By the looks of it, the leadership appears to be overwhelmed by the task at hand and seems incapable of leveraging the many opportunities that have come its way in the recent past to build confidence in the country’s recovery process. In fact, it has acquired a knack of quickly turning opportunities into massive public relations disasters. An episode that beckons focus is the recent interview of the President by Deutsche Welle (DW) Television. While much has been said and written about this epic interview, the bottom line is that a golden opportunity to build confidence in the country and woo both German tourists as well as investment was squandered.
It cannot be unknown to the President that DW is not some random YouTube channel or obscure media outfit. It is in fact Germany’s national broadcaster owned by the Federal Government of Germany and is funded by the German federal tax budget. Therefore, questions put forth by the broadcaster could broadly be assumed as representative of those of the German people.
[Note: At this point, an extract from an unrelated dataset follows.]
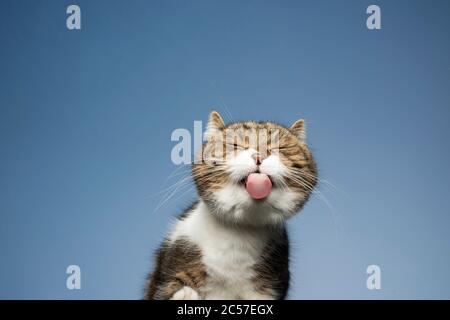 Lustiges Porträt von tabby weißen britischen Kurzhaar Katze lecken Fenster Glas mit blauen Himmel im Hintergrund und Kopierer Raum Stockfoto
For someone who has “played the media game” much longer than the interviewer by his own admission, it was an opportunity to rally support for Sri Lanka.
For instance, when the interviewer sought the President’s views on the Easter Sunday attacks as portrayed in the Channel 4 documentary, instead of dealing with the core issue, the President sought to question the credentials of the messenger, namely Channel 4. As fate would have it, a few minutes later, the same President stated that multiple foreign investigative agencies including the US FBI had come to the common conclusion that there was no external involvement in the attacks, destroying the ISIS bogey as well as justifying Channel 4’s exposure that the entire operation was a homegrown project.
Instead of ranting against Channel 4, the President could have used the opportunity to assure Germany, one of the 22 founder members of the Paris Club, that he will honour his promise of a comprehensive investigation and ensure justice for the victims that included 43 foreign tourists. In doing so, he could have reassured prospective German tourists as well as investors of Sri Lanka’s commitment to ensuring justice, which at the end of the day would have gone a long way in building much needed confidence in the country.
Further, making matters worse, the President’s puerile attempt to draw a wedge between the Cardinal and the Bishops’ Conference backfired big time when the Church set the record straight that both held the same and identical view on all aspects of the Easter attacks.
By rejecting outright the UN Human Rights Council Report on Sri Lanka and running the risk of facing the attendant consequences and also by rejecting any sort of international collaboration in the Easter attacks investigation despite promising to bring in Scotland Yard to do the needful and despite the fact that all original local Police officers probing the attacks have not only been removed from the investigation but also have been penalised in various ways, and by resorting to introducing repressive laws under the guise of various other purposes, Sri Lanka is being pushed further towards global isolation.